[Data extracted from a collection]
* * * * *

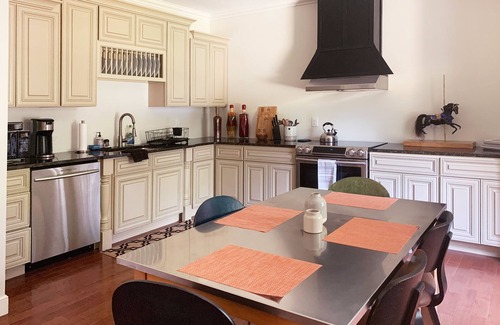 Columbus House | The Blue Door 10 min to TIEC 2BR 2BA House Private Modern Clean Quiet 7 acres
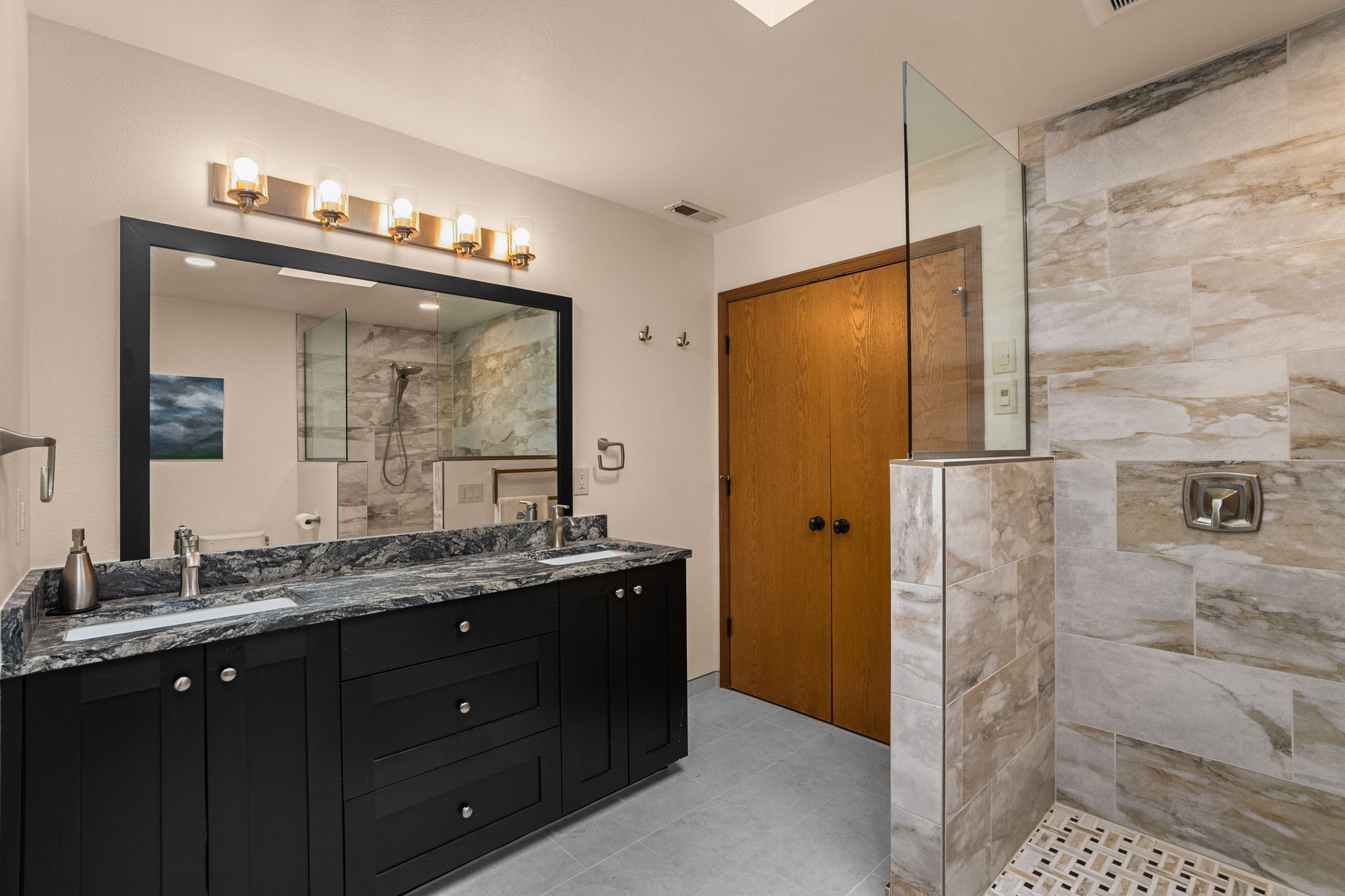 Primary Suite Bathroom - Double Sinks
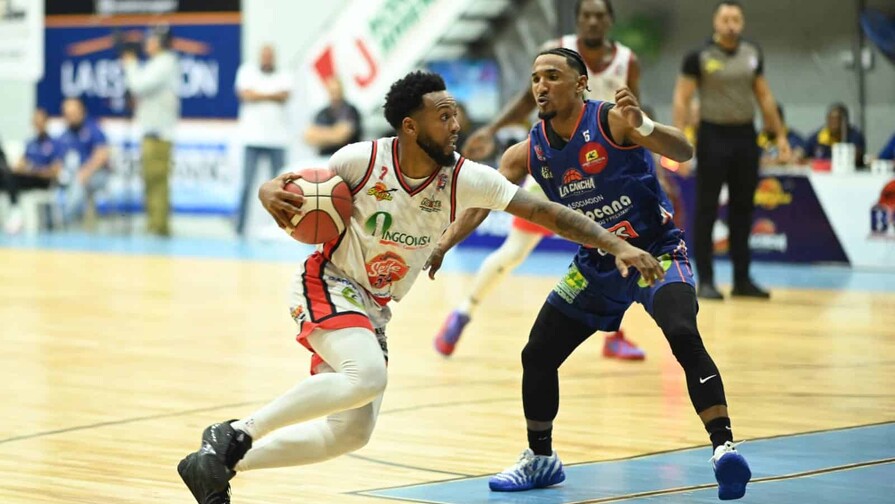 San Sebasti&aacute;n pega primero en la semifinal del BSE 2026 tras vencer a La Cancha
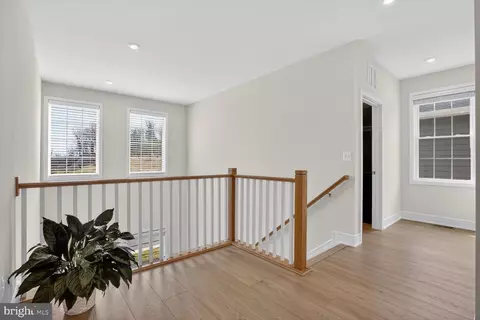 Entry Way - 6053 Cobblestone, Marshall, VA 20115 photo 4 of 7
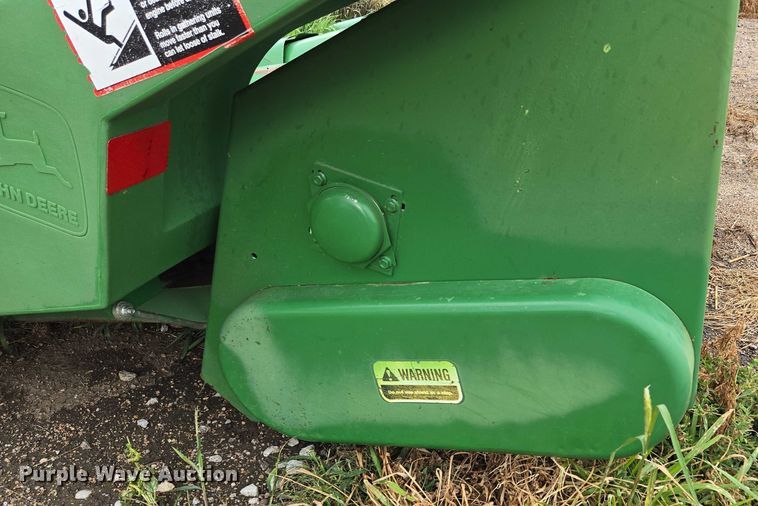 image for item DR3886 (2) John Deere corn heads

* * * * *

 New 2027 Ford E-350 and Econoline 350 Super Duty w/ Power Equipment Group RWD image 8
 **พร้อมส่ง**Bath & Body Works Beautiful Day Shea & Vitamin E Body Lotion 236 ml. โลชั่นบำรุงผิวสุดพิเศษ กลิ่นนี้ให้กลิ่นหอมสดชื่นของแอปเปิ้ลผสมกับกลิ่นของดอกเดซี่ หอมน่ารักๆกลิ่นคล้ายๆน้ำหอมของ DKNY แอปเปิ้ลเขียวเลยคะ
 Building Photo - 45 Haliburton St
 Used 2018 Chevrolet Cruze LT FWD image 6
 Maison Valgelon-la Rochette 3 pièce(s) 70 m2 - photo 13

* * * * *

# [EXERCISE REQUIREMENTS]
Your answer must be the lines above from the one holding "Primary Suite Bathroom - Double Sinks" up to and including the one holding "image for item", exact and with no pictures.

# [TASK OUTPUT]
 Primary Suite Bathroom - Double Sinks
 San Sebasti&aacute;n pega primero en la semifinal del BSE 2026 tras vencer a La Cancha
 Entry Way - 6053 Cobblestone, Marshall, VA 20115 photo 4 of 7
 image for item DR3886 (2) John Deere corn heads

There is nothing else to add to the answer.